Captured substrings (parenthesized subexpressions) are extracted using
the function pcre_captured_substrings
. It returns either an array
of text, or null if the pattern did not match. Examples:
SELECT pcre_captured_substrings('(fo+)(b..)', 'foobar'); --> ARRAY['foo','bar']
SELECT pcre_captured_substrings('(fo+)(b..)', 'abcdef'); --> NULL
Note that elements of the array can be null if a substring was not used, for example:
SELECT pcre_captured_substrings('(a|(z))(bc)', 'abc'); --> ARRAY['a',NULL,'bc']
You can store regular expression values of type pcre
in tables, like
any other data. Note, however, that the binary representation of the
pcre
values contains the compiled regular expression, which is tied
to the version of the PCRE library. If you upgrade the PCRE library
and use a compiled value created by a different version, things might
not work or even crash (according to the PCRE documentation; I don't
know how likely that is). pgpcre will warn if you attempt to use a
value that was compiled by a different version of the library. If
that happens, it is advisable to recompile and rewrite all stored
pcre
values by doing something like
UPDATE ... SET pcre_col = pcre_col::text::pcre
(To be clear, storing regular expressions in tables is not a typical use. Normally, you store text in tables and match it against regular expressions provided by your application.)
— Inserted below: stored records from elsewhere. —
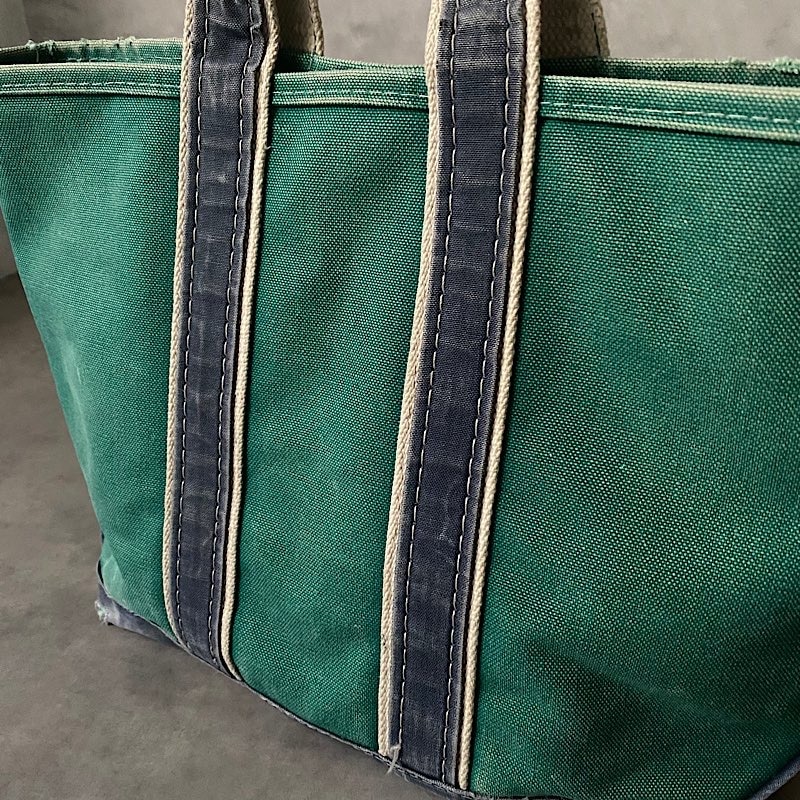 80's L.L.BEAN Deluxe Tote Bag MEDIUM GREEN/NAVY Made in USA 80年代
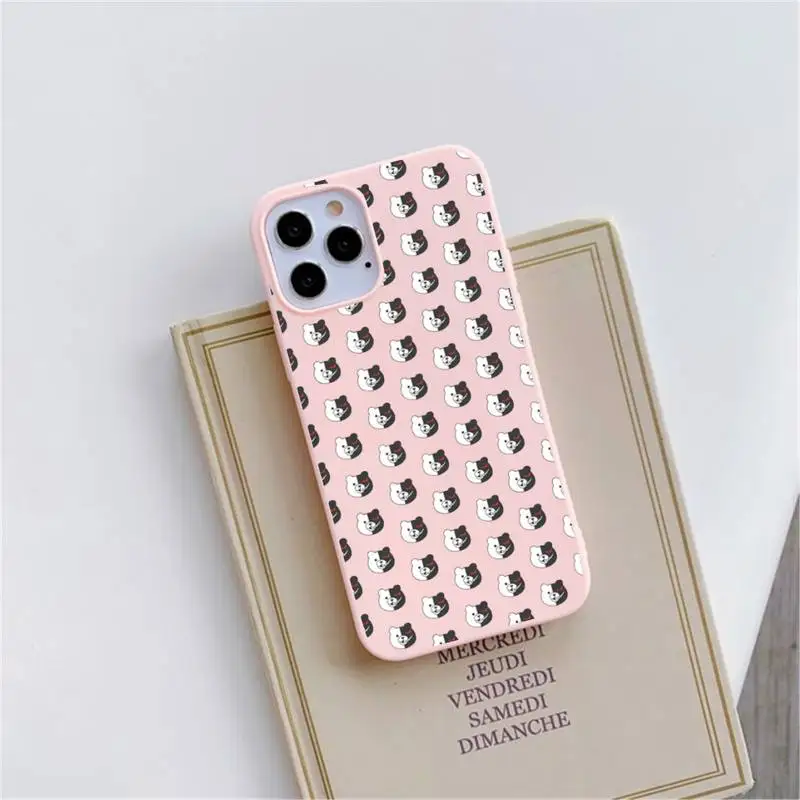 

Black white bear printing Phone Case Candy Color for iPhone 6 6S 7 8 11 12 XS X SE 2020 XR mini pro Plus MAX funda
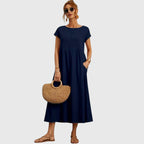 Comfortable midi dress for everyday wear and vacation – Loose dress for women
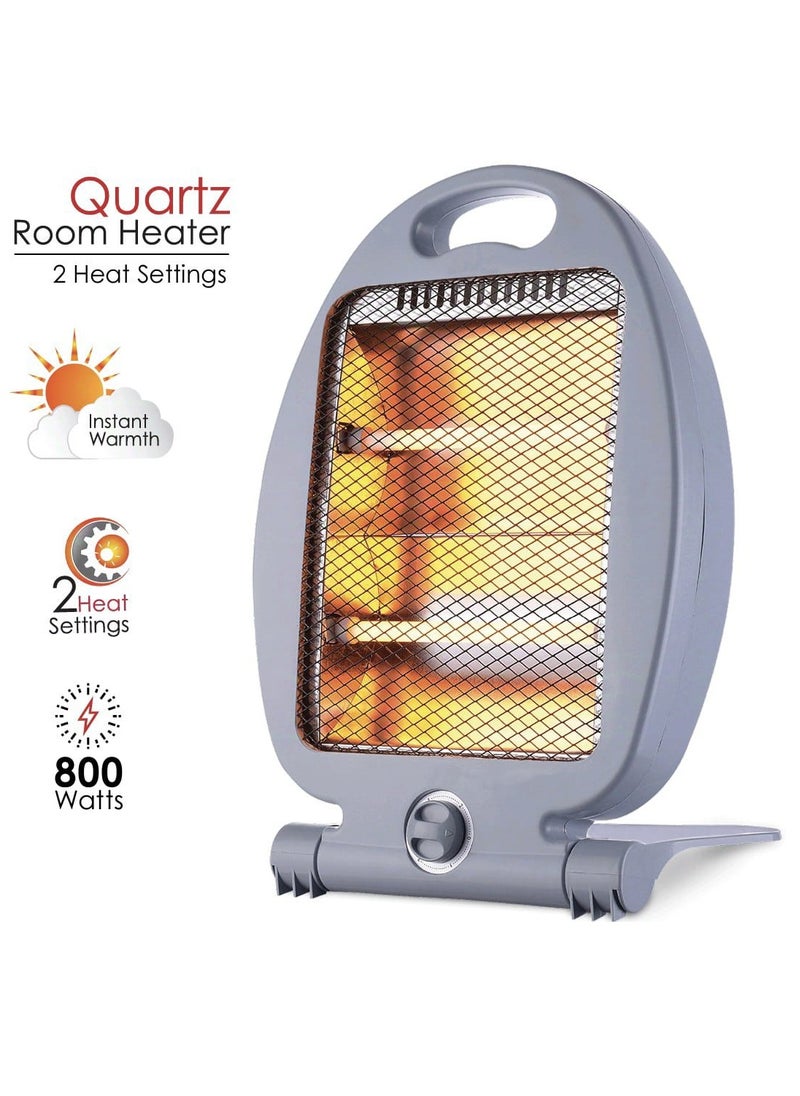 Quartz Room Heater 800W with 2 Heat Settings, Instant Warmth, Portable Design for Home and Office Heating - Ideal for Cold Seasons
Some possible advantages over the regular expression support built into PostgreSQL:
- richer pattern language, more familiar to Perl and Python programmers
- complete Unicode support
- saner operators and functions
Some disadvantages:
- no repeated matching (
'g'
flag) - no index optimization
You can workaround the lack of index optimization by manually augmenting queries like
column =~ '^foo'
with
AND column ~>=~ 'foo' AND column ~<~ 'fop'
and creating the appropriate text_pattern_ops
index as you would for the built-in pattern matching.